Brian Cashman said yesterday that last winter’s moves weren’t his best off-season moves.
“I didn’t have a great winter last year,” the general manager said. “A lot of the things I wound up doing didn’t benefit us as much as I wish they would. Some didn’t benefit at all.” Readers of my writings know that to that I would have to say this: No duh.
Well, that was then and this is now. So what do the Yankees do this off-season. Pitching, Cashman said, is the most important area to address. Again: Duh.
To get Cliff Lee—the Yankees’ (and half the league’s) priority—the Yankees would have to ask the Treasury Department to print more money just so they can give it to Lee. Now, of course, Lee would look very nice in the Yankees rotation—a rotation that looked cracked in the playoffs and plainly needs shoring up. The Yankees would jump for joy if Lee agreed to come to the Bronx, even if they had to pay Lee, who turns 33 next season 20+ million until the age of 39 or 40? A bit of a scary thought.
But even scarier than that is this: what if the Yankees don’t sign him? What if Lee decides to stay in Texas, or heads to the Cardinals or someplace else? Then what do the Yankees do? After Lee the free agent pickings are “slim” and “none.” And “slim” left town. The trade market awaits.
Zach Grienke is a name that gets bounced around a lot. However Grienke comes with some concerns. First off, after his Cy Young year in 2009, his ERA jumped 2 full points last season to an unremarkable 4.17 and his K/9 dropped 2 Ks per game. Maybe he bounces back tucked into the Yankee rotation, but what if they weren’t an aberration, but the start of a decline? As if that wasn’t enough to consider, figure this: As Jon Heyman rightly brings up: Grienke has in the past had anxiety problems and depression. The Bronx spotlight may not be the right place for a guy who might be ill equipped to handle it.
Of course, trading both Swisher and Gardner would leave the Yankee outfield thin—which would immediately put them at the head of the table for going after Carl Crawford, using the money they were going to spend on Lee. Then does Montero spend time in right field, or maybe Brandon Laird makes the jump? Or maybe the Yankees resign Melky Cabrera for the outfield (making Cano very happy). Or maybe the Yankees could get by with a Thames/Hinske/Golson platoon—Ugggh.

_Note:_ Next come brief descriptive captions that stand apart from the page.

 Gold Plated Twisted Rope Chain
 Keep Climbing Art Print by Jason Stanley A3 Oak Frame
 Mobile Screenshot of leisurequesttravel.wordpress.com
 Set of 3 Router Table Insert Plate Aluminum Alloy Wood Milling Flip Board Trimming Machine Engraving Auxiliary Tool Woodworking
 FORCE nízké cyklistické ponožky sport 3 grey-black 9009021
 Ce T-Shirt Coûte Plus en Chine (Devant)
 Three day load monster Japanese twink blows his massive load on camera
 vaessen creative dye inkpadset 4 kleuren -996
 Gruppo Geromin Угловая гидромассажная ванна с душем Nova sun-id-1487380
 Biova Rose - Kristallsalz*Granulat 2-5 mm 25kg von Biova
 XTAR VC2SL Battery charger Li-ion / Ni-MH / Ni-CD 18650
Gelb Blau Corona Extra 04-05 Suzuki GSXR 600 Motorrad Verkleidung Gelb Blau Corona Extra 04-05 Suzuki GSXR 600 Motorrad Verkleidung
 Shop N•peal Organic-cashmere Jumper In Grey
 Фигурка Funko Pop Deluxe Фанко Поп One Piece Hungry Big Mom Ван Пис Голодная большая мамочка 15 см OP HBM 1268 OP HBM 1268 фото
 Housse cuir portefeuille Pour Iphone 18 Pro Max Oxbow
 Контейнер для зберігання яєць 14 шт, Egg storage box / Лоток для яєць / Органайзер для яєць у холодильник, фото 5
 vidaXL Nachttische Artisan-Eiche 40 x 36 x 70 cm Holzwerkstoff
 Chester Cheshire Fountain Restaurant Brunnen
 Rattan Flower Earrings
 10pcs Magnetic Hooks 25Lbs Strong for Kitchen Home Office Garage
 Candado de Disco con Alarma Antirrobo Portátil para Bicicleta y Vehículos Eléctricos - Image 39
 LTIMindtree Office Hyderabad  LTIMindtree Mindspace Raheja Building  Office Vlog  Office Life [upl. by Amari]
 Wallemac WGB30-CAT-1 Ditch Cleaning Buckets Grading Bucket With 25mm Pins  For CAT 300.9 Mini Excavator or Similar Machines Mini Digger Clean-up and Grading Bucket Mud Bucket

Oakland’s Billy Beane loves 2 things: inexpensive young players and on-base percentage. And with an embarrassment of young pitching, perhaps a trade of Brett Gardner (8th in the AL in on-base percentage) Zach McAllister and Eduardo Nunez could get Trevor Cahill or Gio Gonzalez? The A’s had 85 wins last season—and improvement to their team 109 HRs and .358 slugging percentage could help them move into AL West contention. And after giving up, say, Gonzalez, they would still have, Braden, Cahill, Anderson, Mazzaro and AAA prospect, Clayton Mortenson.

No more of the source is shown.